Critical to keep 1.5°C target alive in negotiations, COP27 hears 

Anxiety is mounting about a watered-down text at COP27 that would revert to setting a 2°C rise instead of 1.5°C as a target for climate change. But delegates remain optimistic that there’s enough support for the 1.5°C target to keep it alive beyond this year’s climate talks. 

Delegates from the NGO space called on negotiators to deliver a deal that ensured a swift, just, and equitable phase-out of fossil fuels in the final text, to ensure that climate change stayed within the 1.5°C range. 

It has emerged from the talks – hammering out a deal behind closed doors – that some countries may be trying to get the wording around 1.5°C weakened; with some parties pushing for a return to “Paris Agreement language”, which centres on ‘well-below 2°C’. Climate talks after Paris have since managed to secure 1.5°C as a minimum, but that is now being threatened as some countries backpedal. 

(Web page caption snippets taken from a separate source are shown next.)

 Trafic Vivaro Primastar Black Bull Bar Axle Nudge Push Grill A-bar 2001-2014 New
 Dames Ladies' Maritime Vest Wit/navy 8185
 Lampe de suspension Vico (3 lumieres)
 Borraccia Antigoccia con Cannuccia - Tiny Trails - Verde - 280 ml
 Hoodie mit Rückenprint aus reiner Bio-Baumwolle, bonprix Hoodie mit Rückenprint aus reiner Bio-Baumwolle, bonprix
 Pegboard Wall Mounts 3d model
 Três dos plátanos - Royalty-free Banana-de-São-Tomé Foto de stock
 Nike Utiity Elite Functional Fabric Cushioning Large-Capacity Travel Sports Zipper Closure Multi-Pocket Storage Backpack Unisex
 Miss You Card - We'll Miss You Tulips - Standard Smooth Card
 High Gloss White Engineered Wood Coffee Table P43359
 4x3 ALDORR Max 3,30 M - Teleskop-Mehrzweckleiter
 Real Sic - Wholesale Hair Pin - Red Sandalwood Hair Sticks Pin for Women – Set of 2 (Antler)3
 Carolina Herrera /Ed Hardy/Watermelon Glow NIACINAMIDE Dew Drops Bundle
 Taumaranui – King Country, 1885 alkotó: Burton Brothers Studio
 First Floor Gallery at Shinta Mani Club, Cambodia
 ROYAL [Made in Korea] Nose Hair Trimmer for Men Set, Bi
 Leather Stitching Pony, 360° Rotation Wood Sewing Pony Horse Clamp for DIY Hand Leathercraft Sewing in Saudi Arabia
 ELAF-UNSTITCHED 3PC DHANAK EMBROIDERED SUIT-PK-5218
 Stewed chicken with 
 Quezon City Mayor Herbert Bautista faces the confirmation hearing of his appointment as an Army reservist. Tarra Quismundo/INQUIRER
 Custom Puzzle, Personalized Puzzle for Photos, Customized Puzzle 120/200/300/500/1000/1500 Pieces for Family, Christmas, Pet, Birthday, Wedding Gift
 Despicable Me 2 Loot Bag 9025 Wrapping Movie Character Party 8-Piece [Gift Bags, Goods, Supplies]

There are real concerns that some countries may be backsliding at the climate talks this year, to previous promises they have made to prevent a climate emergency. COP27 president, the UK’s Alok Sharma warned that COP27 could be the climate conference where the 1.5°C target is lost in the final text of the deal.  

“It’s really up to us to decide, I hope we will decide to keep 1.5°C alive,” he said. 

The first tentative draft of a COP27 deal – that will drive the climate crisis response global plan – drew criticism from climate activists who started to emerge of key potential decisions. Obstacles that have emerged in the first text of a draft deal include the promise of finance for climate adaptation, as well as the delivery of the $100 billion promised by rich countries by 2020 that has failed to materialise. 

In a negotiation draft text, the G77 bloc of developing countries and China proposed a loss and damage fund, which would help fund countries already hit by climate disasters. Loss and damage for the first time made it onto the official COP agenda, after years of resistance from rich nations fearing that it could open them up to lawsuits. Its inclusion on the main agenda this year has been hailed as one of the big successes of the conference so far. 

With sticking points emerging, delegates believed the talks could bleed into the weekend, with negotiations already running into the early morning hours.

Amidst the midnight scrambles for a COP27 deal, Indonesia also announced that they had managed to secure their own JETP with partners that included the US, Japan, and the UK to help wean the country off coal power. The deal was announced on the sidelines of the G20 summit in Indonesia.

Indonesia, the world’s fifth largest greenhouse gas emitter, will receive $20 billion of public and private finance in a deal modelled on the ground-breaking $8.5 billion JETP deal agreed with South Africa at the COP26 Summit last year. Developed nations also helped to broker South Africa’s JETP deal to move away from coal. Similar deals are also currently under discussion with Vietnam, India, and Senegal.

Indonesia’s JETP deal is expected to focus on both accelerating the early retirement of some of Indonesia’s largest and oldest coal plants while unlocking more investment in ramping up the nation’s renewable energy capabilities.